The Aptima® HIV-1 Quant Dx assay

Hologic, Inc. has announced the launch of new HIV diagnosis tools in Uganda and other countries in Africa. The Aptima® HIV-1 Quant Dx assay will provide new approaches to make it quicker and easier for laboratories to diagnose and monitor HIV infections in the country.

The assay – the technical term for a laboratory test – has received two new CE marks. First, certification to use for early infant diagnosis to qualitatively detect HIV-1 RNA as an aid in diagnosing HIV-1 infected infants under 18 months. And second, testing of dried blood spots to monitor viral load and disease progression in HIV-1 infected individuals.

The Aptima HIV-1 Quant Dx assay is the only test to have both these CE marks. In line with the 95-95-95 goals from UNAIDS, this high performance, accessible and flexible test will help governments and NGOs scale up the fight against a virus that continues to infect over 3,000 people daily in sub-Saharan Africa with 1.7 million children and adolescents (0-19 years) already infected.

In Uganda there are estimated to be over 95,000 children under the age of 14 living with HIV and an estimated 7,600 children were newly infected with HIV in 2017. Early infant diagnosis is essential to improve prevention and treatment interventions, as peak mortality occurs between six weeks to four months of age for children who have acquired HIV infection.

High-performance and accurate testing

The Aptima HIV-1 Quant Dx assay is a highly sensitive test which can use plasma, serum or dried blood spots to get an accurate HIV diagnosis on the fully automated PantherTM system. Thanks to its flexibility and accuracy, this integrated diagnosis solution will help overcome multiple challenges faced by local laboratories. The new DBS sample solution will improve the collection, preservation and transportation of samples from testing centres to laboratories.

The Aptima HIV-1 Quant Dx assay was awarded World Health Organization (WHO) prequalification for in vitro diagnostics using plasma samples on December 21, 2017, which allows global health organizations to consider the Aptima HIV-1 Quant Dx assay for public sector procurement in resource-limited countries.

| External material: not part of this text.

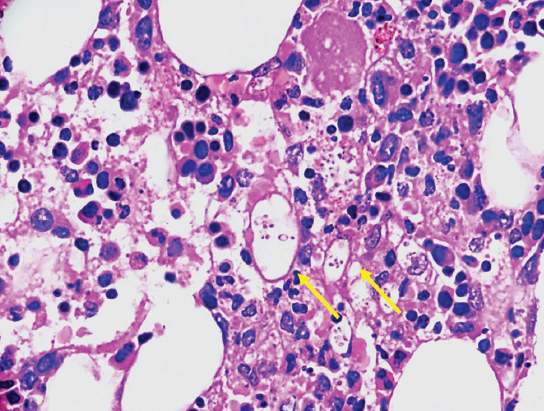 Bone marrow biopsy (PAS, ×20) with several histiocytes showing PAS positive intracellular small yeast forms having round or crescent-shaped nuclei and pericellular halo (yellow arrows) suggestive of histoplasmosis.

A less costly viral diagnostic solution for governments, NGOs and laboratories

Following the recent Hologic Global Access Initiative, launched in partnership with the Clinton Health Alliance Initiative (CHAI) and MedAccess the HIV-1 Quant Dx assay will be available at a price of $12, with no upfront cost or capital expenditure in nearly 50 nations including Kenya, Malawi, Tanzania, Uganda, Zambia and Zimbabwe.

“We designed the Aptima HIV-1 Quant Dx assay and the Panther system keeping in mind the specific needs of viral diagnosis laboratories in Africa, ” said João Malagueira, Hologic’s vice president, Europe South and Indirect Markets.

Through this integrated testing solution, “we want to partner with local authorities and international organizations to help the fight against HIV in east and southern Africa. With 25 million people infected with HIV in sub-Saharan Africa alone, there continues to be an urgent need for accessible and reliable testing, which is crucial for managing care and reducing the spread of the infectious disease.”

The PantherTM system is designed to be modular and scalable, accommodating the needs of large labs and smaller ones alike, in urban and rural areas, with minimum infrastructure requirements. It offers the highest throughput per square meter of any comparable molecular diagnostic instrument – up to 320 results in 8 hours in less than 1m2 of space – which can make a big difference in smaller rural labs.

The next step in the fight against HIV

East and Southern Africa is home to the largest number of HIV-infected people in the world, with 19.6 million people living with the virus in 2017. Despite this, the region continues to make significant gains towards meeting the 95-95-95 goals. Between 2010 and 2016, new HIV infections among children (aged 0-14) declined by 56 per cent, while new infections among adults declined by 29 per cent.

Experts say access to accurate testing is the first step in ending the spread of HIV. While more people are becoming aware of their HIV status, several factors continue to impede this progress. They include inadequate testing infrastructure and lack of access to laboratories are among others. “Use of dried blood spots for testing ensures that patients in areas with no testing facility can still access the services as the samples can be easily transported,” they say.